§ Data for this task
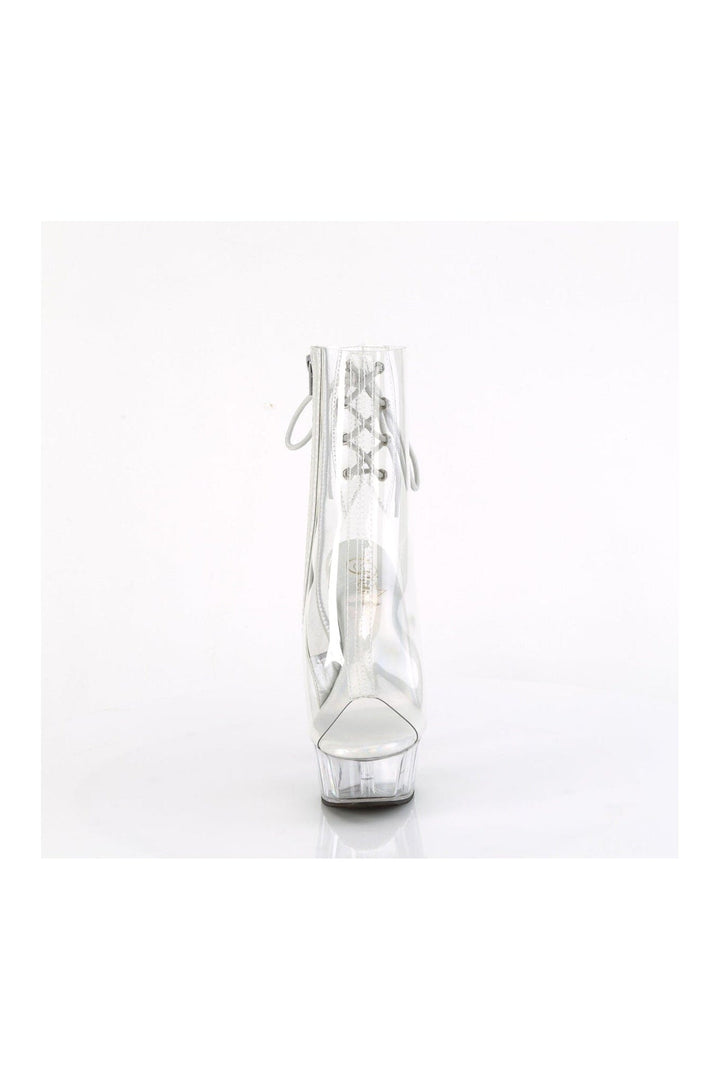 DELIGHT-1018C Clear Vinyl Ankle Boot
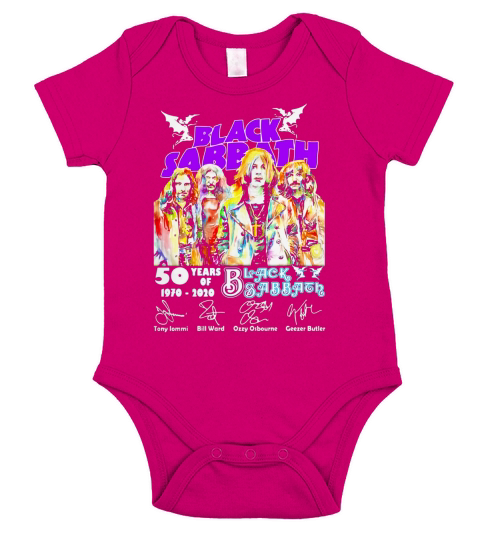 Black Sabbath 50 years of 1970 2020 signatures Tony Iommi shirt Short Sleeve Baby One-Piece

--

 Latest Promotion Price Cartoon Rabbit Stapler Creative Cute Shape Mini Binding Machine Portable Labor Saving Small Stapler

§ Problem to solve
In the listing above, find the line with "DELIGHT-1018C Clear Vinyl Ankle Boot" and the line with "Black Sabbath 50". Copy both of them and every line between, exactly, but not the pictures.

§ Reply to the exercise
 DELIGHT-1018C Clear Vinyl Ankle Boot
 Black Sabbath 50 years of 1970 2020 signatures Tony Iommi shirt Short Sleeve Baby One-Piece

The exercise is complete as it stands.